It was promptly opened—so promptly that Mr. Britt was fairly caught at what he was about. He was standing up, shaking both fists at the door and cursing roundly. Vona was gazing at him in alarm.
“I was waiting in the corridor, sir, till you—till your business—till Mr. Orne went away,” she stammered.
“Come in!” muttered Britt, even more disconcerted than the girl.
Then he wished that he had told her to go away. He realized that he was in no mood or condition to woo; the cabbage had tortured him, but this new sort of indigestion in the very soul of him had left him without poise or courage.
He slumped down in his chair and waved a limp hand in invitation for her to take a seat near him. But she merely came and stood in the middle of the room and surveyed him with an uncompromising air of business. From the velvet toque, with just a suggestion of a coquettish cant on her brown curls, down her healthily round cheeks, a bit flushed, above the fur neckpiece that clasped her throat, Britt’s fervent eyes strayed. And some of the words of the Prophet’s singsong monotone echoed in the empty chambers of Britt’s consciousness, “’Thou hast dove’s eyes within thy locks—thy lips are like a thread of scarlet.’”

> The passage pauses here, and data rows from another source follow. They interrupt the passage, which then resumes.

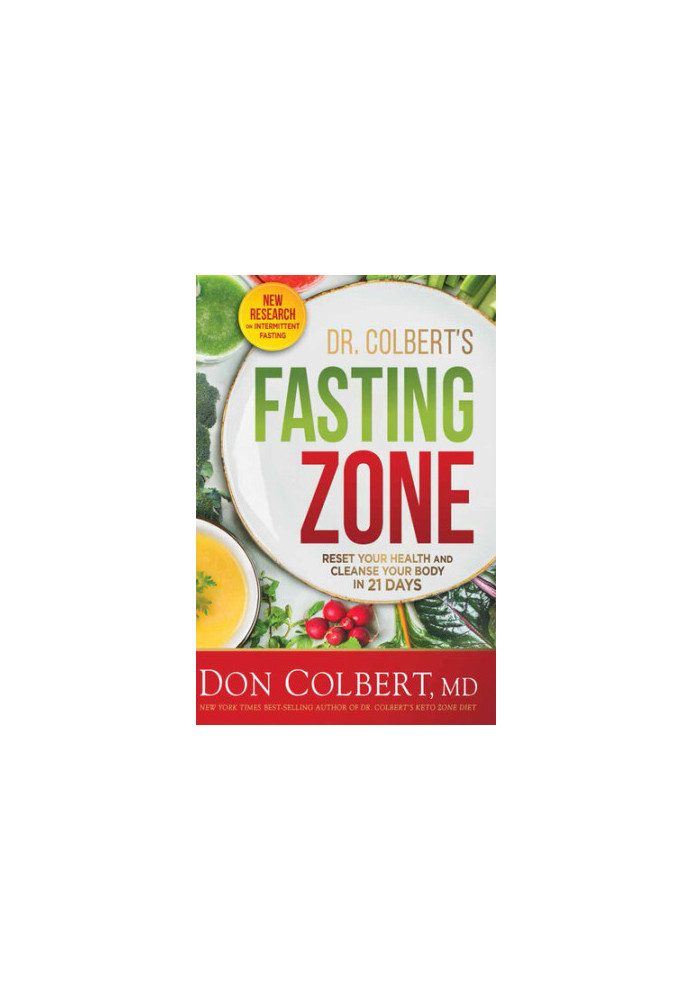 Dr. Colbert's Fasting Zone: Reset Your Health and Cleanse Your Body in 21 Days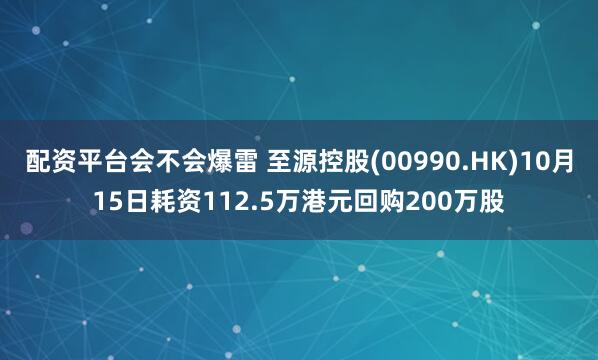 配资平台会不会爆雷 至源控股(00990.HK)10月15日耗资112.5万港元回购200万股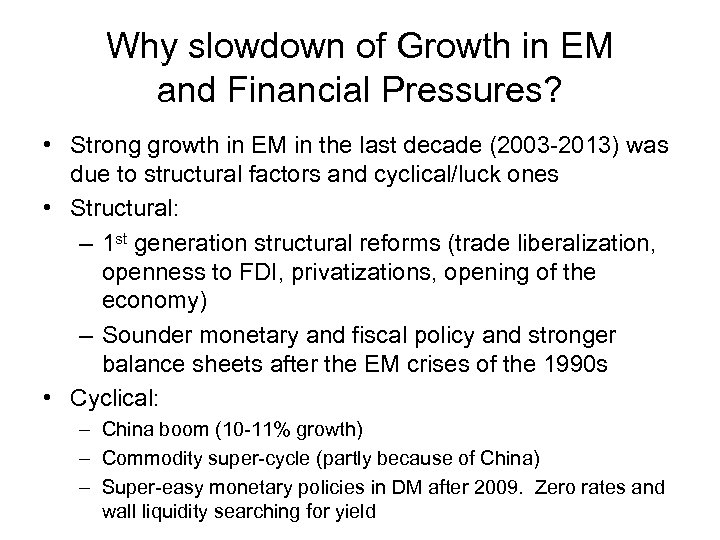 Why slowdown of Growth in EM and Financial Pressures? • Strong growth in EM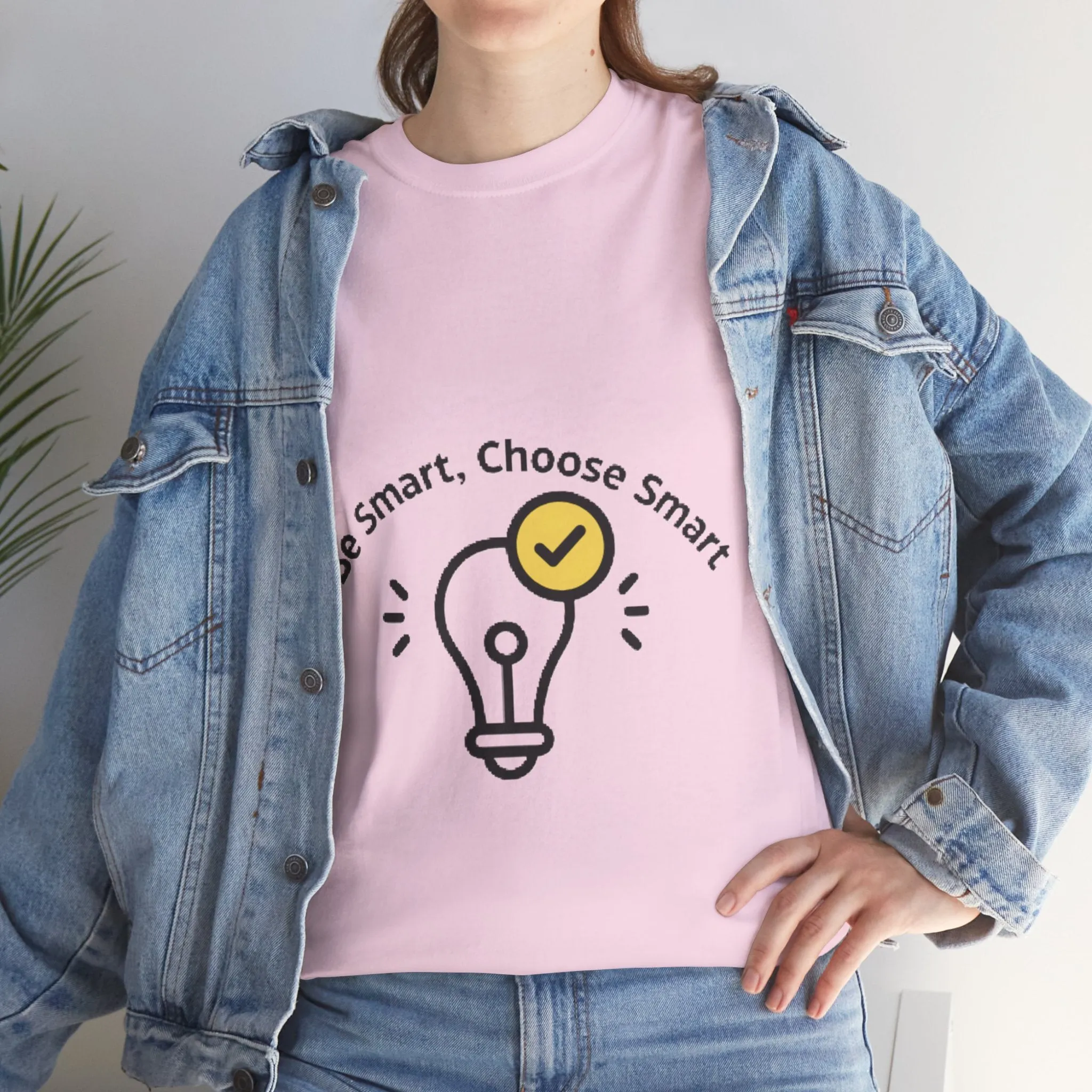 Be Smart Choose Smart Unisex Heavy Cotton Tee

But she was aloof. She held herself rigidly erect. Her eyes were coldly inquiring. Those lips were set tightly. Mr. Britt had just been reaching out for honors, and his knuckles had been rapped cruelly. He wanted to reach out for love—and he dared not. The girl, as she stood there, was so patently among the things he was not able to possess!
She had come into his presence with expectation keenly alert, with her fears putting her into a mental posture of defense. She felt that she knew just what was going to happen, and she was assuring herself that she would be able to meet the situation. But she was not prepared for what did happen. She did not understand Britt’s mental state of that moment. Mr. Britt, himself, did not understand. He had never been up against conditions of that sort. He had not had time to fix his face and his mood, as he did daily before the mirror in his bedroom. He did what nobody had ever seen him do—what neither he nor the girl would have predicted one minute before as among human probabilities—he broke down and blubbered like a whipped urchin.
And after he had recovered some of his composure and was gazing up at her again, sniffling and scrubbing his reddened eyes with the bulge at the base of his thumb, knowing that he must say something by way of legitimate excuse, dreading the ridicule that a girl’s gossip might bring upon him, a notion that was characteristic of Mr. Britt came to him: he grimly weighed the idea of telling her that Files’s boiled dinner was the cause of his breakdown. However, in his weakness, his love flamed more hotly than ever before.
“Vona, I’m so lonesome!” he gulped.
Miss Harnden had entered behind her shield, nerved like a battling Amazon. She promptly lowered that shield and became all woman, with a woman’s instinctive sympathetic understanding, but womanlike, she took the opportunity to introduce for her own defense a bit of guile with her sympathy. “I quite understand how you feel about the loss of Mrs. Britt, sir. And I’m glad because you remain so loyal to her memory.”